* _What this task involves_
Output only the lines of the entries that follow, starting at the one with "30514 Southern Cross" and running down to the one with "Picture of Whirlpool W11126009 Icemaker", both included and unchanged.

* _Task inputs_

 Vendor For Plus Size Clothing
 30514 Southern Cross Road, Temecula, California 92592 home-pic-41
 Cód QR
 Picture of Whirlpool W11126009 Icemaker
--
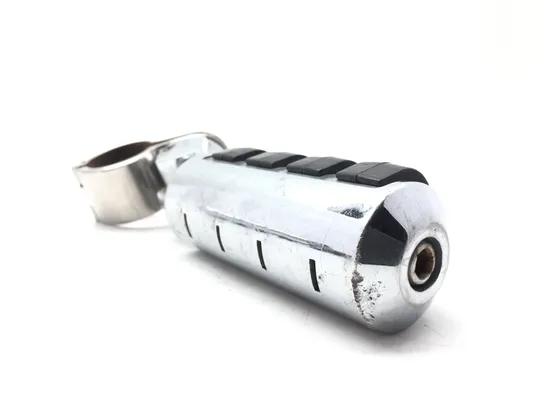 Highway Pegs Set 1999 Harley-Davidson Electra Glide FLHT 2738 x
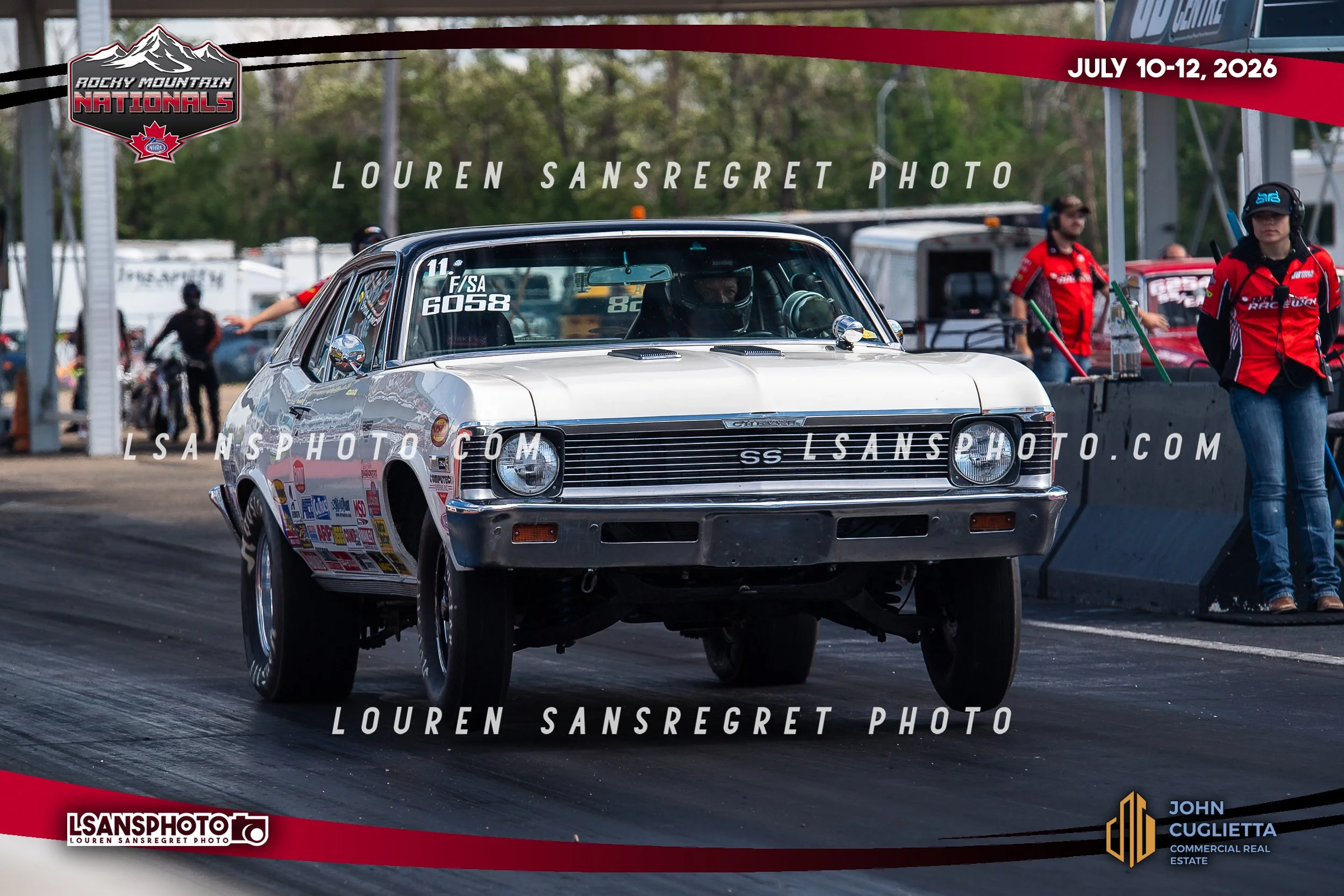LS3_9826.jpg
--
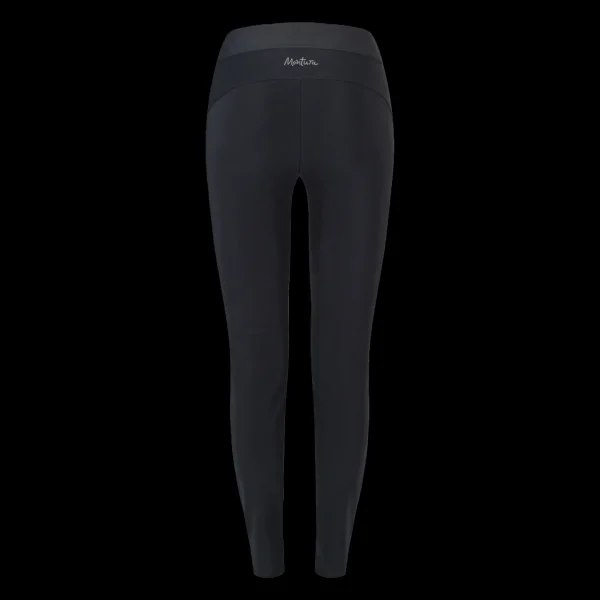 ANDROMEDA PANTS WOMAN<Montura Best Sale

* _Exercise response_
 30514 Southern Cross Road, Temecula, California 92592 home-pic-41
 Cód QR
 Picture of Whirlpool W11126009 Icemaker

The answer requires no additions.